Description of the task
Only the lines from the one containing "Memphis Design Redmi" through the final line below belong in the output, copied exactly and without pictures.

BEGIN Data listing

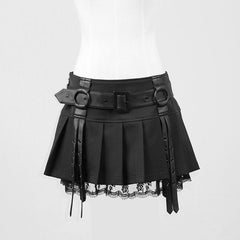 Q-220 Elegant Sexy Short Tight Mini Gothic Skirt?-??Punk Rave Clothing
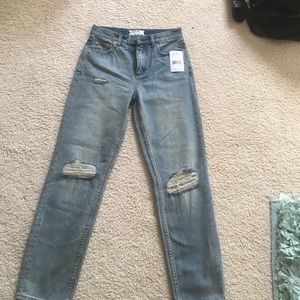 free people boyfriend jeans brand new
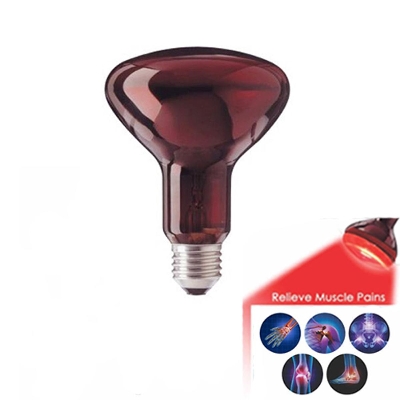 Picture of Philips Infrared Physiotherapy Bulb Heat Therapy Lamp IR RED E27 PAR38 R95 100W
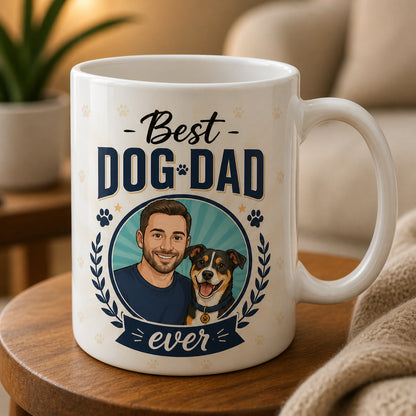 Best Dog Dad Ever – Custom Dad & Dog Portrait Mug - Personalized Mug 64cce7ee-6ebc-4679-b382-b4bc6b13d892.jpg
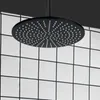 Matte Black 25x25 cm Schema doccia LED a 3 colori Cambiamento del bagno Rappocchiata doccia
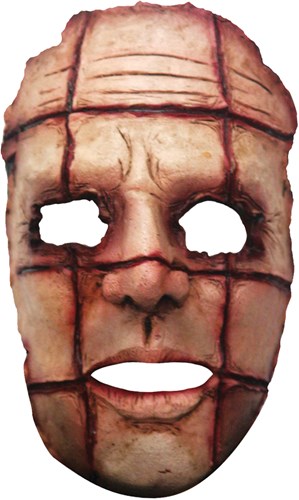Cut Face Halloween Gezichtsmasker (latex)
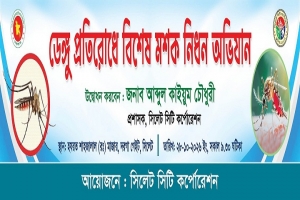 ডে/ঙ্গু প্রতিরোধে সিলেটে শুরু হচ্ছে বিশেষ মশক নি/ধন অভিযান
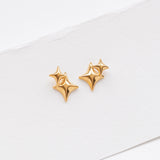 Gazing double σκουλαρίκια χρυσό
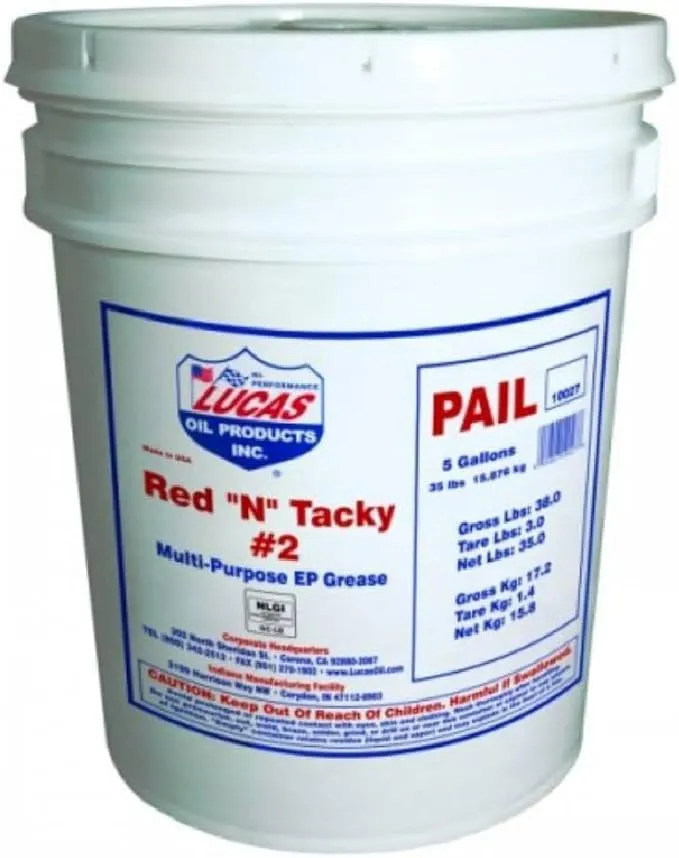 Lucas Oil 10027-Pk1 Red 'N' Tacky Grease 35 Lb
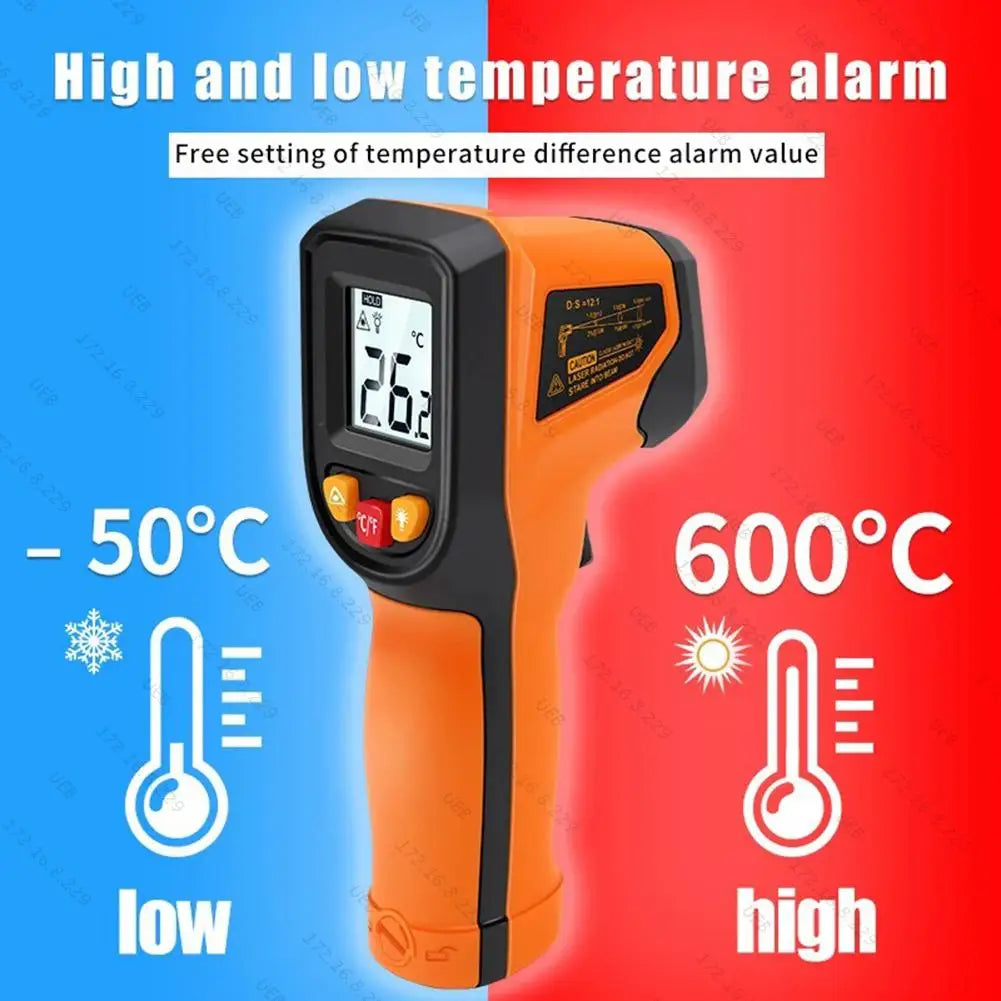 Infrared Thermometer with Backlight Handheld Temperature Gun
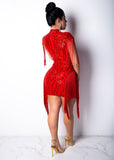 MB Fashion Sexy Dress Red 8023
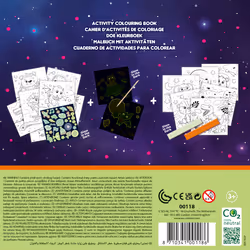 SES Creative Activity colouring book glow in the dark 3 in 1 - 3 activities in 1 colouring book, Age 3+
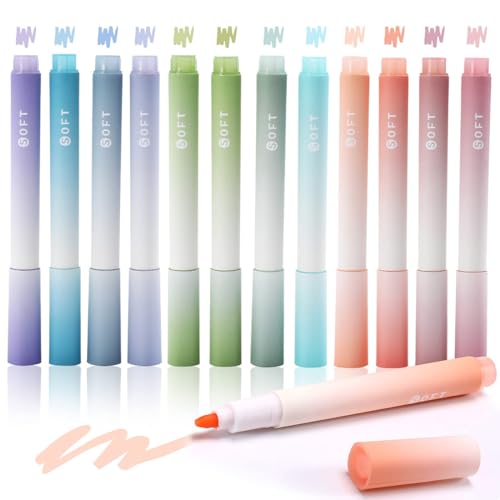 GGUFAY Set mit 12 Textmarkern, Bibel Marker zum Kennzeichen, Ausmalen Für Dünne Papiere, Doppelspitze zum Markieren und Radieren, für feine und dicke Striche GGUFAY Set mit 12 Textmarkern, Bibel Marker zum Kennzeichen, Ausmalen Für Dünne Papiere, Doppelspitze zum Markieren und Radieren, für feine und dicke Striche von GGUFAY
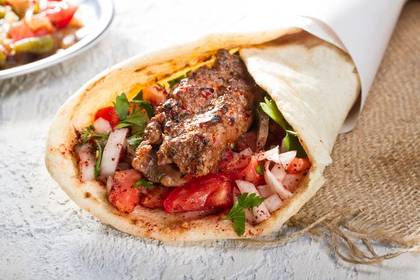 Adana kebab wrap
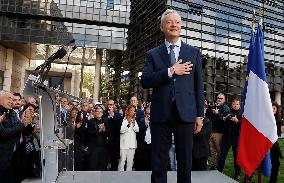 Farewell Ceremony Of Bruno Le Maire - Paris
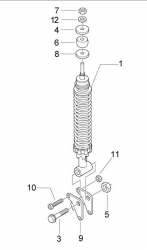 Federbein hinten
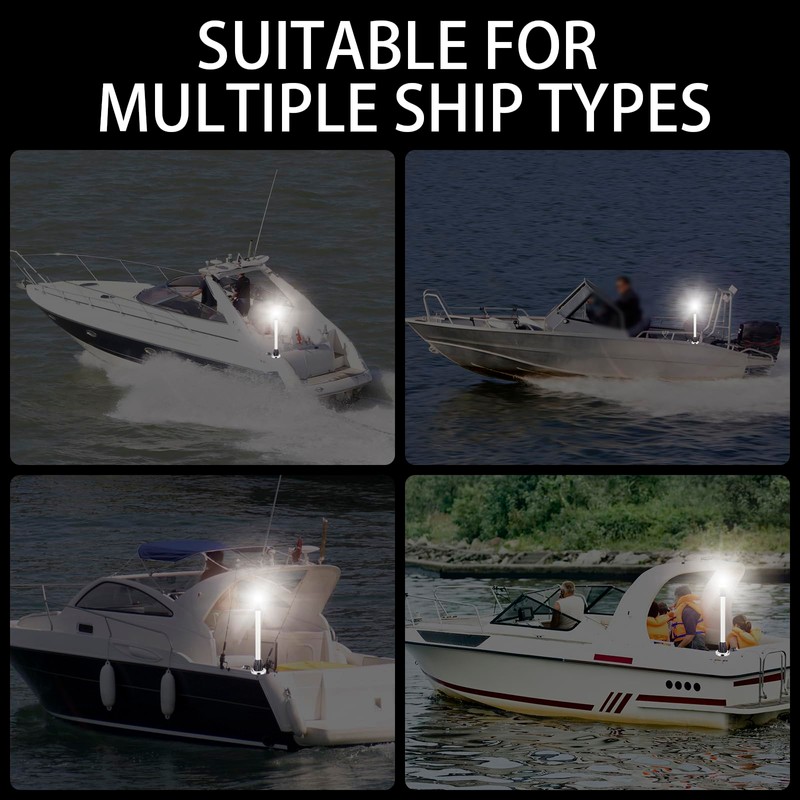 CLGMarine LED Navigation Light, 360-Degree All Round Stern Anchor Light,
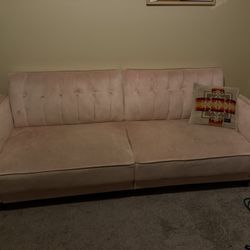 Pink Futon Couch 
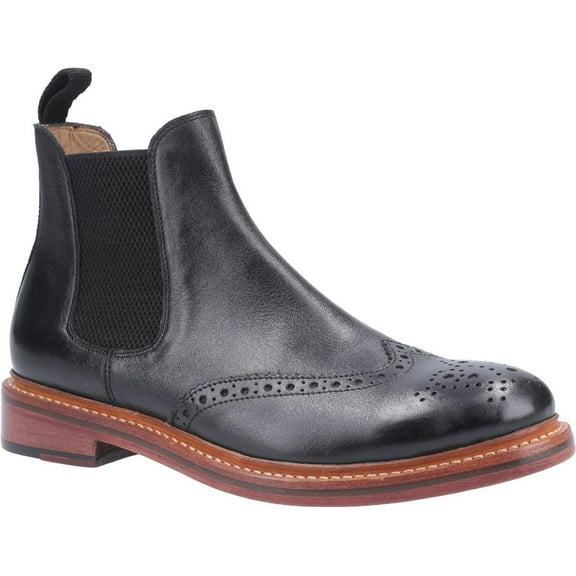 Cotwold Mens Siddington Leather Elasticated Dress Boot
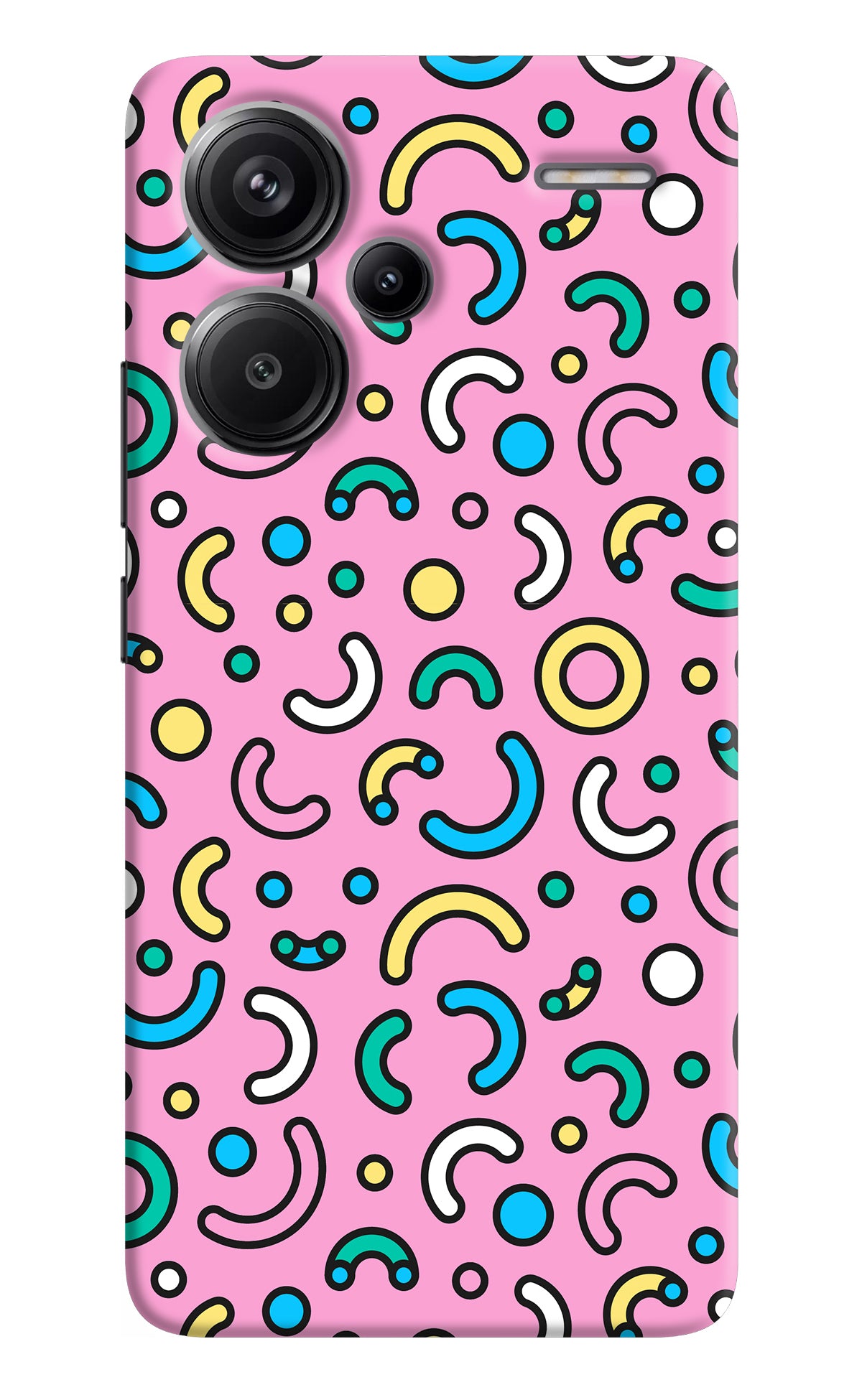 Memphis Design Redmi Note 13 Pro+ 5G Back Cover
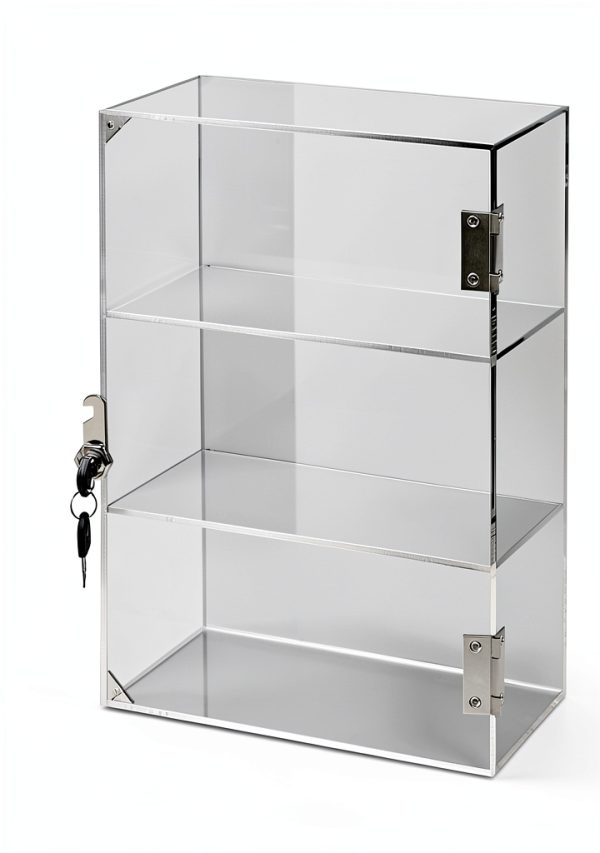 Locking Display Case Xzunk Acrylic Cabinet with Lock – 15.7×5.9×11.8in-6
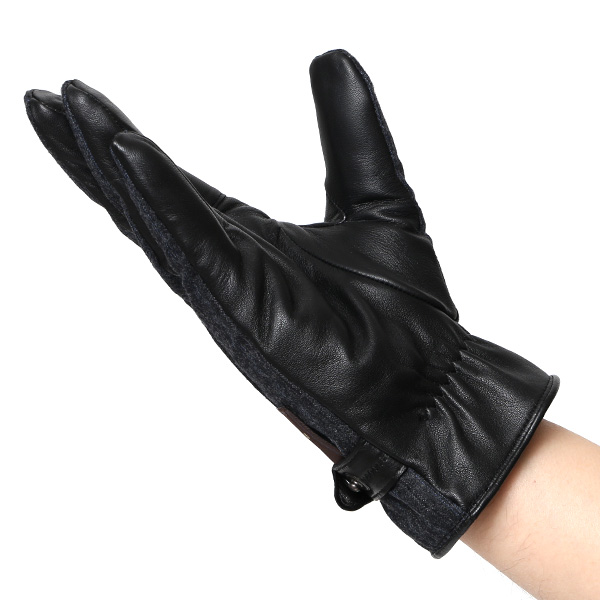  日本製 本革 メンズ 手袋 ビジネス フォーマル グレー グレイ 灰色 高級 高品質 上質 仕事 営業 スーツ スマホ対応 ギフト プレゼント ラッピング クリスマス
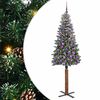 vidaXL Ožja jelka Zelena 180 cm PVC in trden bor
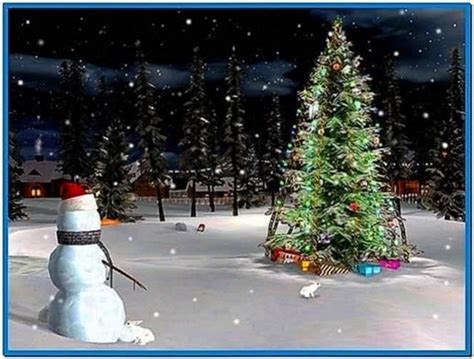Animated Christmas Tree Screensavers Download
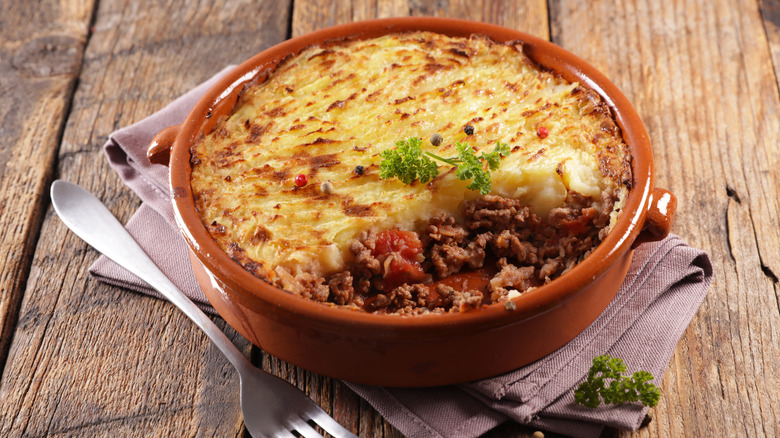 Shepherd's pie with parsley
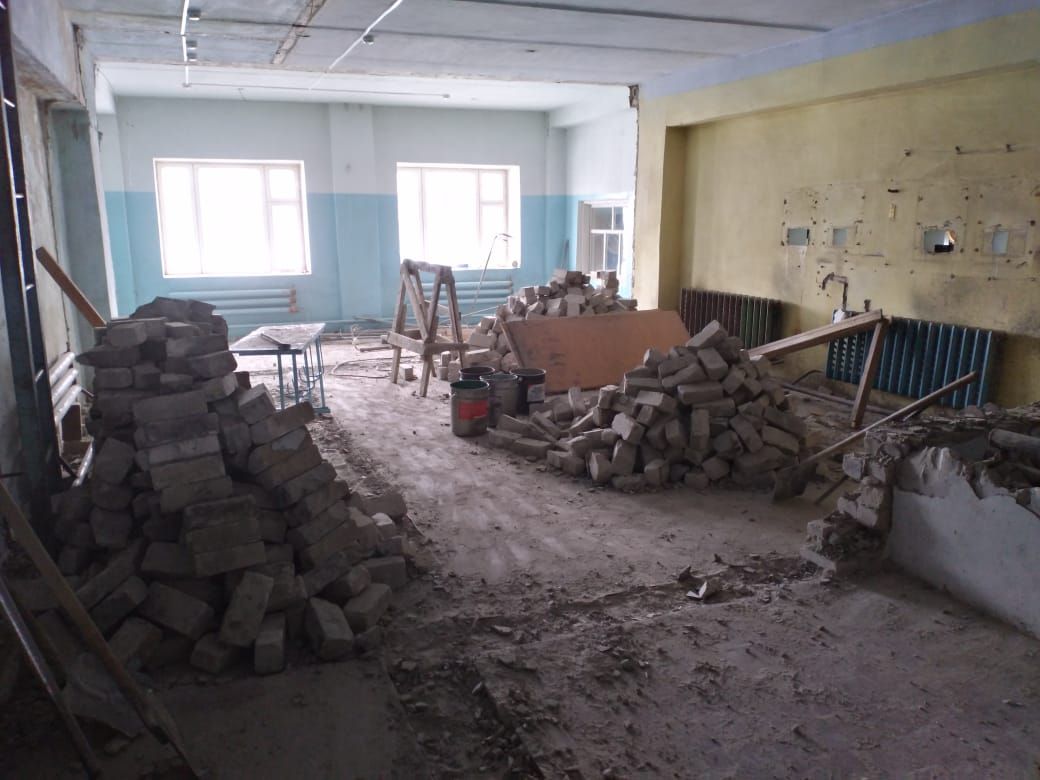 В Буинском районе обновляется еще один сельский клуб (+фото)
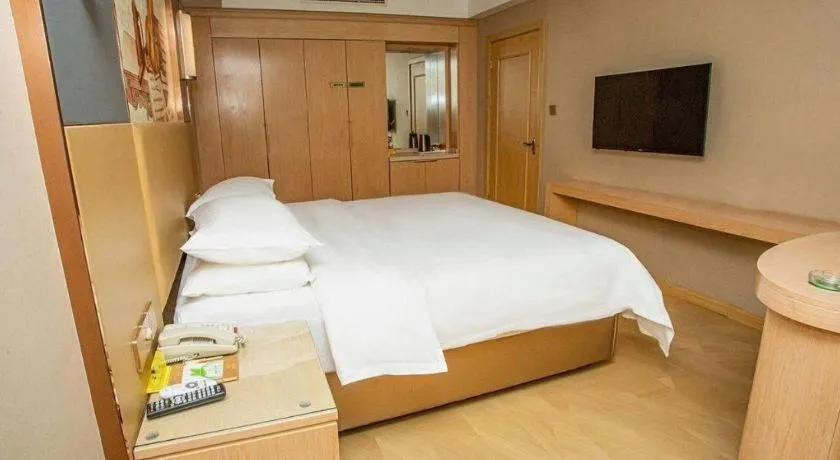 Bed in Vienna Hotel Xuzhou Junsheng Plaza Benteng Avenue Metro Station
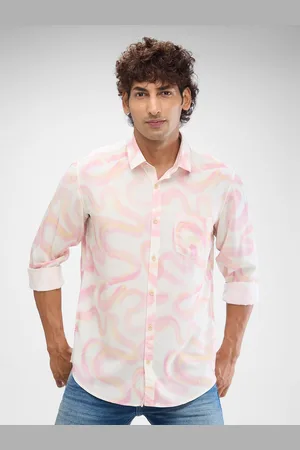 SPYKAR Men Slim Fit Abstract Printed Casual Shirt
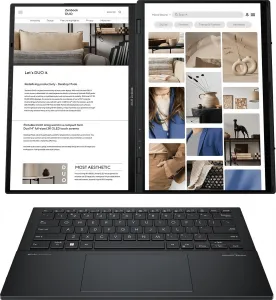 ASUS Zenbook Duo 14 OLED/UX8406CA-OLED067X/U7-255H/14"/2880x1800/T/32GB/1TB SSD/Arc 140T/W11P/Gray/2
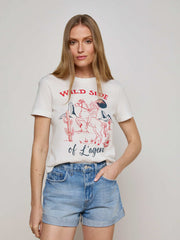 Eliza Graphic Tee in White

END Data listing

Expected answer
 Memphis Design Redmi Note 13 Pro+ 5G Back Cover
 Locking Display Case Xzunk Acrylic Cabinet with Lock – 15.7×5.9×11.8in-6
  日本製 本革 メンズ 手袋 ビジネス フォーマル グレー グレイ 灰色 高級 高品質 上質 仕事 営業 スーツ スマホ対応 ギフト プレゼント ラッピング クリスマス
 vidaXL Ožja jelka Zelena 180 cm PVC in trden bor
Animated Christmas Tree Screensavers Download
 Shepherd's pie with parsley
 В Буинском районе обновляется еще один сельский клуб (+фото)
 Bed in Vienna Hotel Xuzhou Junsheng Plaza Benteng Avenue Metro Station
 SPYKAR Men Slim Fit Abstract Printed Casual Shirt
 ASUS Zenbook Duo 14 OLED/UX8406CA-OLED067X/U7-255H/14"/2880x1800/T/32GB/1TB SSD/Arc 140T/W11P/Gray/2
 Eliza Graphic Tee in White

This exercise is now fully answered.